▶ _WHAT THE TASK REQUIRES_: In the material below, the lines between the one holding "159-28 92nd Street , Howard Beach, NY 11414" and the one holding "Sobota na Jánošíkových dňoch 2018-197", inclusive, are to be set down word for word. Pictures stay out.

▶ _EXTRACTED RECORDS_:
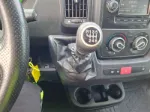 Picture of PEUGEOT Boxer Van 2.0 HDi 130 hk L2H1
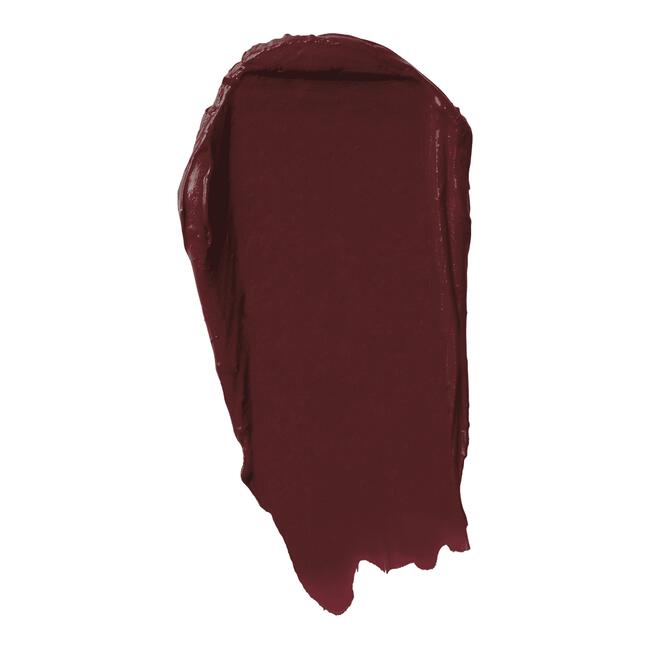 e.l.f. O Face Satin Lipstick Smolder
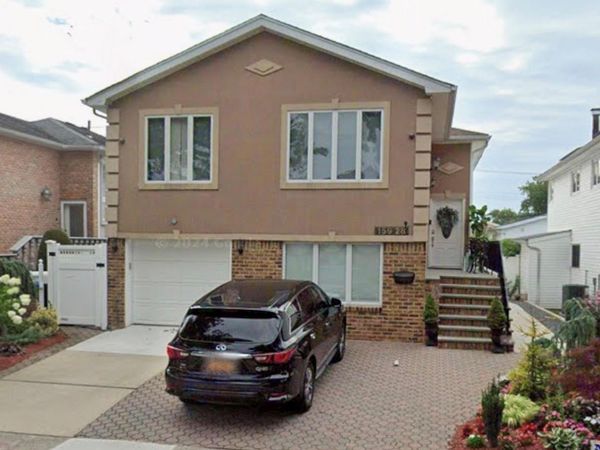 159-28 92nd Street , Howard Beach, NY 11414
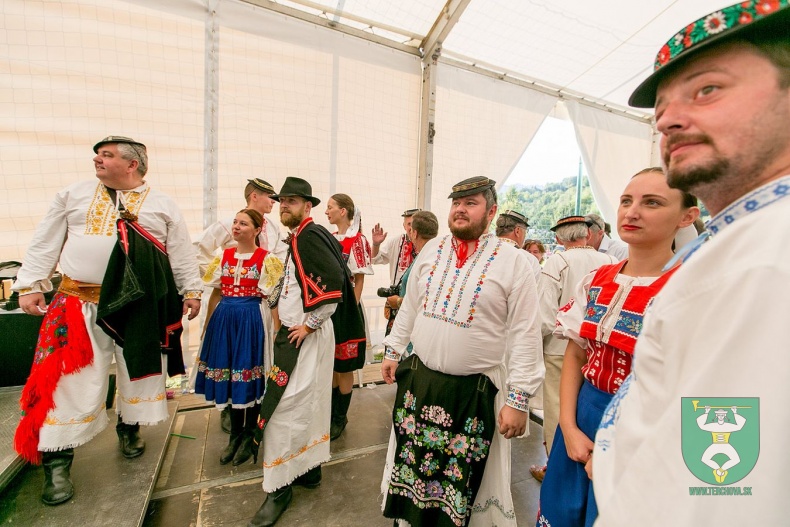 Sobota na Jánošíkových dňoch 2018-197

--

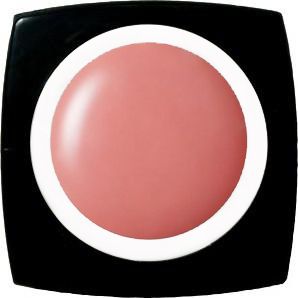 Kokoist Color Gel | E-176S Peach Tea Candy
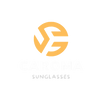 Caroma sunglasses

▶ _ANSWER TO THIS TASK_:
 159-28 92nd Street , Howard Beach, NY 11414
 Sobota na Jánošíkových dňoch 2018-197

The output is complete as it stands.